- **Brief**: Return the stretch from the line with "Bottom view of" through the line with "Ophthalmologist and assistant" in the data below, character for character, skipping all pictures.

- **Given data**:
◆ ◆ ◆ ◆ ◆ ◆ ◆

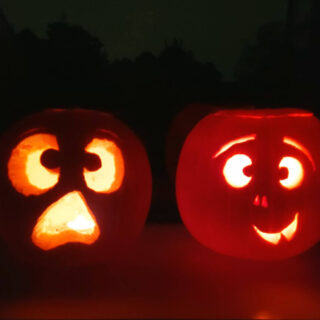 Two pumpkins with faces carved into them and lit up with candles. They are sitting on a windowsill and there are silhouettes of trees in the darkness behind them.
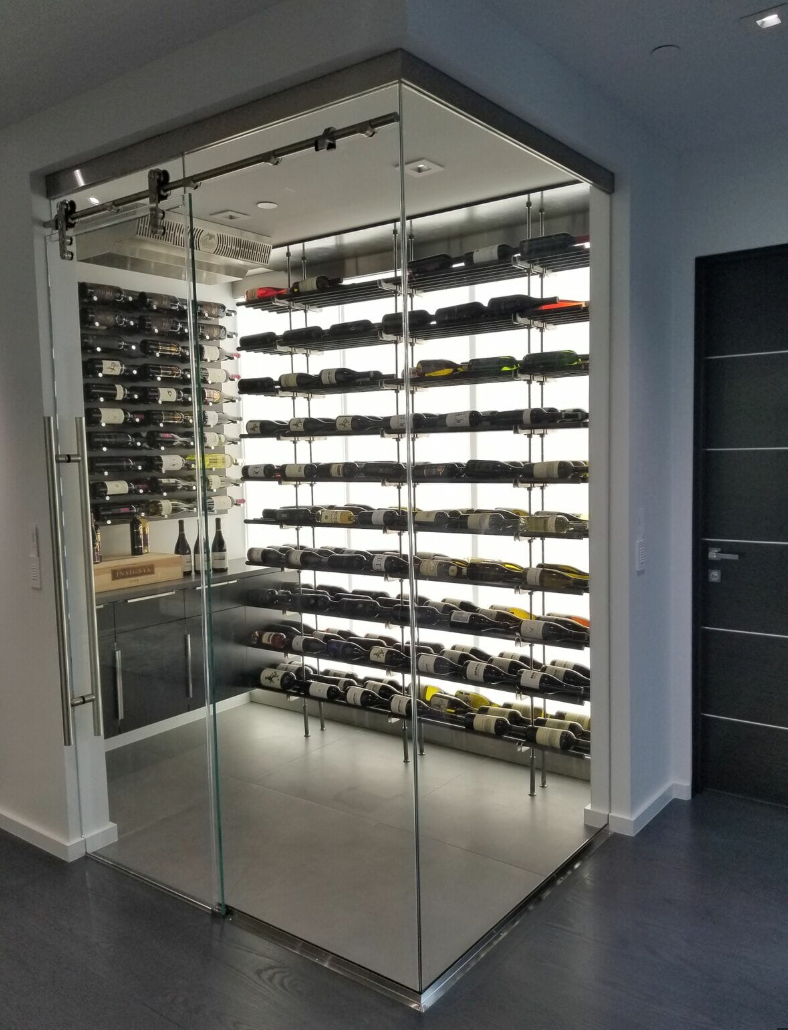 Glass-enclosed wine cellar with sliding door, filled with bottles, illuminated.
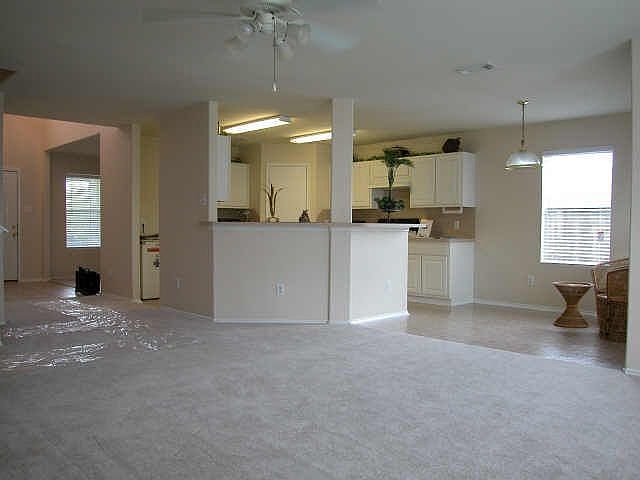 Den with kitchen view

◆ ◆ ◆ ◆ ◆ ◆ ◆

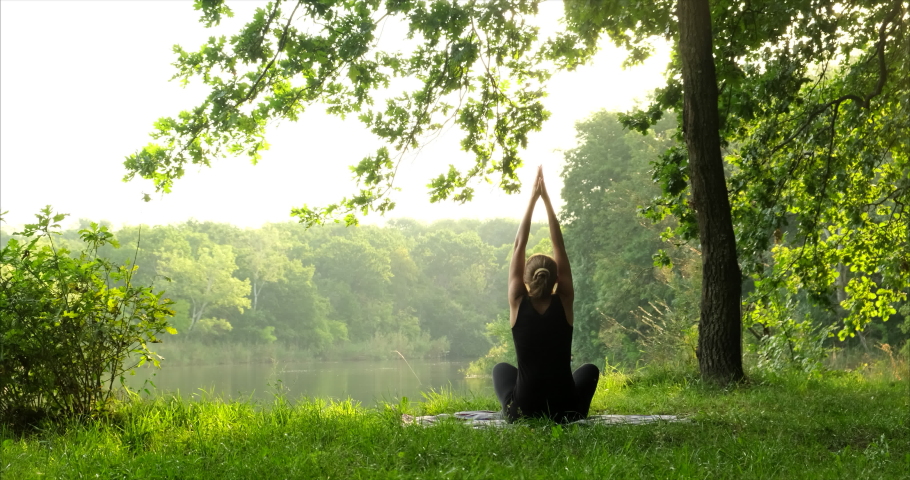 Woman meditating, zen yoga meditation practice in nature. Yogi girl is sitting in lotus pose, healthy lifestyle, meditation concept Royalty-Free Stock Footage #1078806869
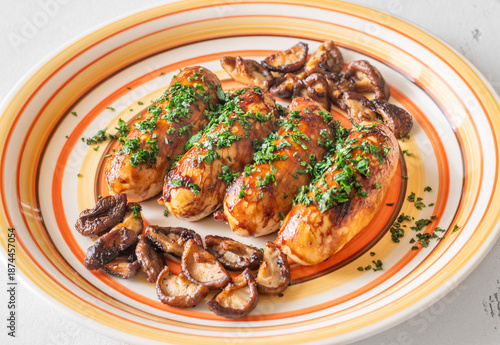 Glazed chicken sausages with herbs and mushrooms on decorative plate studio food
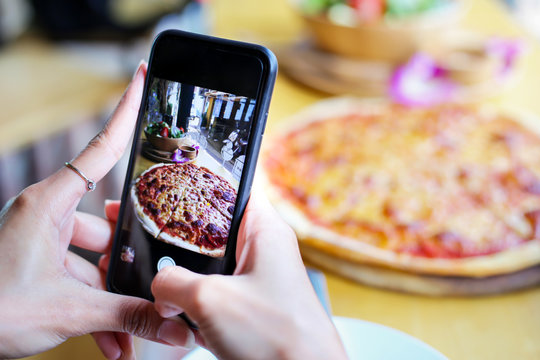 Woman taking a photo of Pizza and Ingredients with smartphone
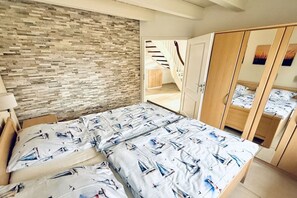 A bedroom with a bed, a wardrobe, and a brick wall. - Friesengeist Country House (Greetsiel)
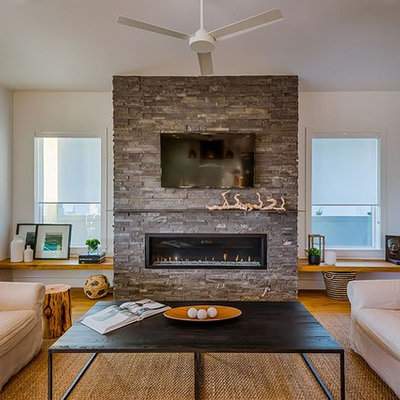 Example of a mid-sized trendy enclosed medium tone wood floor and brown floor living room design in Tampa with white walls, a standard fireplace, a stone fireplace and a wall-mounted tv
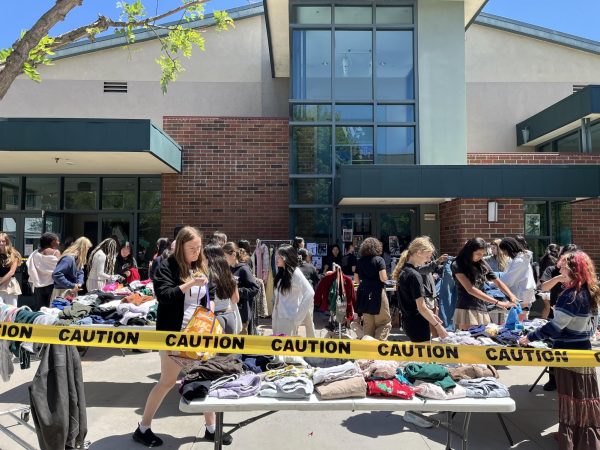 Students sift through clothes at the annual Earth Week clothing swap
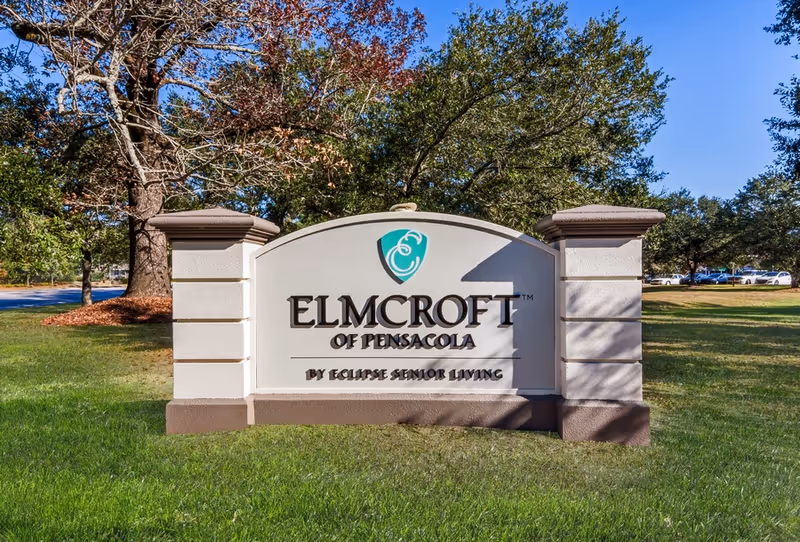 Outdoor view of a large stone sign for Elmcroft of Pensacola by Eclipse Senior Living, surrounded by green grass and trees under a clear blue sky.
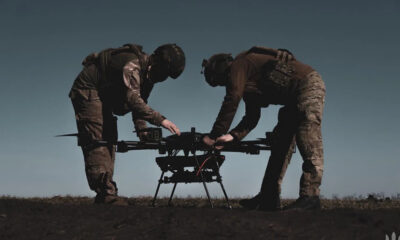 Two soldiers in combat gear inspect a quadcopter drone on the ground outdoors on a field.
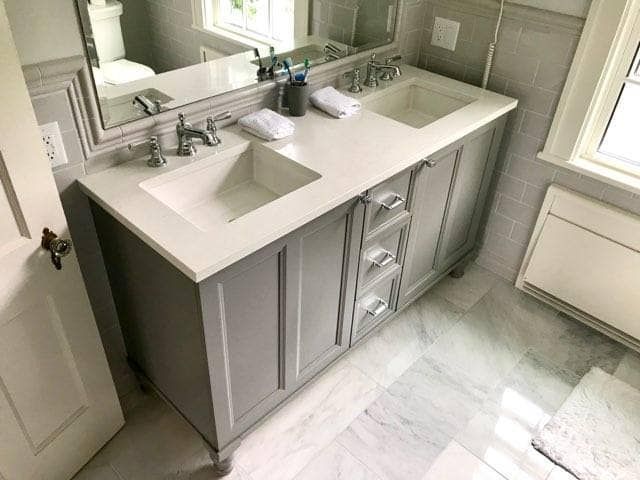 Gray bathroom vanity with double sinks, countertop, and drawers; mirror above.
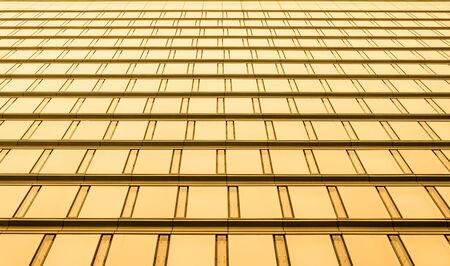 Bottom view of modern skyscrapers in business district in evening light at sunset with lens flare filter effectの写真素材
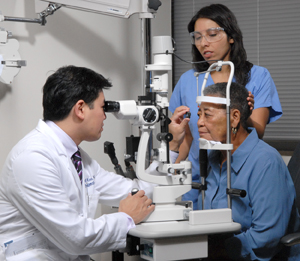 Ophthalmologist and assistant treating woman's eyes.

◆ ◆ ◆ ◆ ◆ ◆ ◆

- **Final answer**:
 Bottom view of modern skyscrapers in business district in evening light at sunset with lens flare filter effectの写真素材
 Ophthalmologist and assistant treating woman's eyes.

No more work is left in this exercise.